Our main review of the new architecture used in AMD Phenom X4 processors already touched upon their bug in L3 Cache TLB, which can freeze the system in experimental conditions (and probably in real conditions, according to the latest info). Our Phenom test results show that the bug does not have to do with L1/L2 D-TLB and/or I-TLB. Perhaps, it really affects some area in the integrated memory controller and/or L3 Cache, which can be called TLB (translation lookaside buffer). But this structure is not officially documented for these processors (and we don't know its characteristics). Anyway, AMD confirms that the bug exists. Motherboard manufacturers are also aware of this bug, so they release new BIOS versions with the patch to fix it. Unfortunately, it cannot be fixed "for free" (to all appearances, the patch disables this "TLB" structure), it reduces system performance by approximately 10-15%. According to some test results that have recently appeared in the Web, this patch can reduce system performance in various real applications (the spread of results is wide, the average performance drop is about 14%). However, the idea that the bug (and the corresponding patch) can affect a processor core, that is its execution units, seems unlikely. System performance is probably reduced because of deteriorated speed characteristics of memory and/or L3 Cache in the integrated memory controller. In order to prove it and to show how exactly the above-mentioned systems change with the patch, we decided to compare low-level characteristics of the AMD Phenom X4 platform with what we already obtained without the patch.

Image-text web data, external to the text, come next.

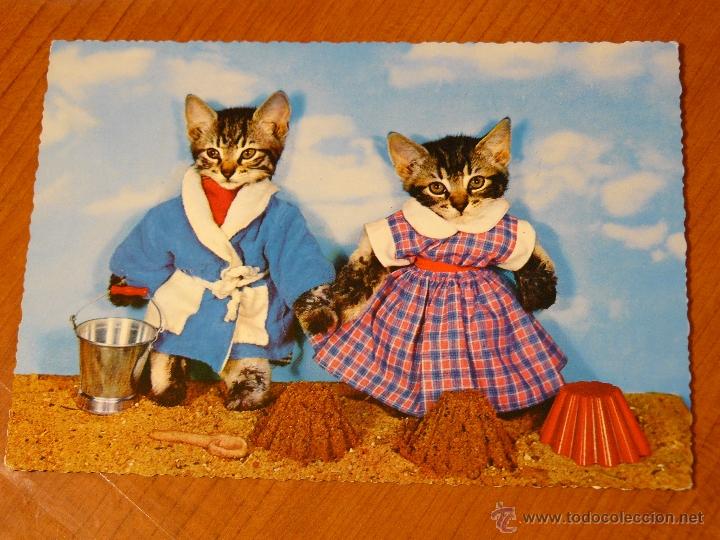 Postais: Postal Gatos vestidos a&ntilde;os 70
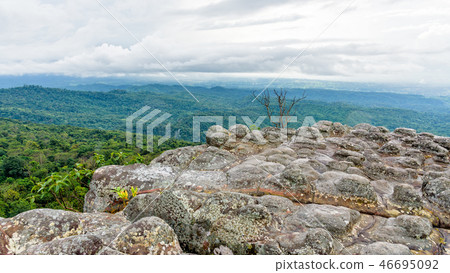 Lan Hin Pum 46695092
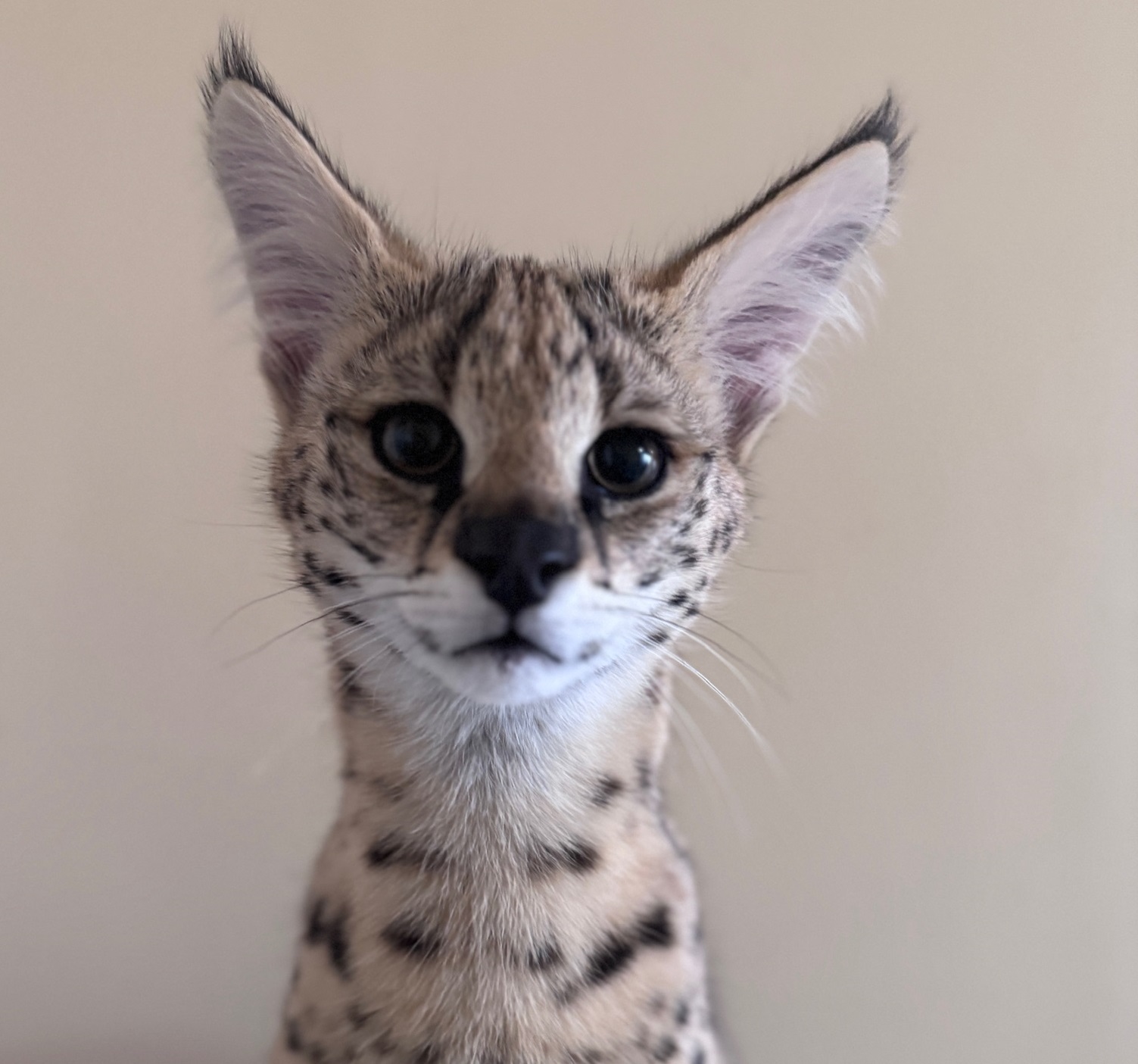 Teddy the serval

Testbed 1 (without the patch)
Testbed 2 (patched)
Real Bandwidth of Data Cache/Memory
First of all I'd like to note that absolute test results of the patched AMD Phenom X4 published in this review may differ from our older results (obtained without the patch) because of different motherboards used in the testbeds (see testbed configurations). In particular, when we tested the platform for the first time (Testbed 1, MSI K9A2 Platinum motherboard), we didn't know which frequency of the north bridge and L3 Cache were set by default. What concerns the second system analyzed in this article (Testbed 2, Gigabyte MA790GX-DQ6 motherboard), AMD Overdrive detects that the default frequency of the memory controller and L3 Cache is 2.0 GHz, while the core clock rate is 2.4 GHz. It will be reasonable to assume that the same default mode is used by the first motherboard. In this article we've increased the frequency of the north bridge to 2.4 GHz manually in BIOS Setup to ensure synchronous operation of processor cores and the integrated memory controller and to compare this mode with the default one (2.4 GHz CPU, 2.0 GHz NB).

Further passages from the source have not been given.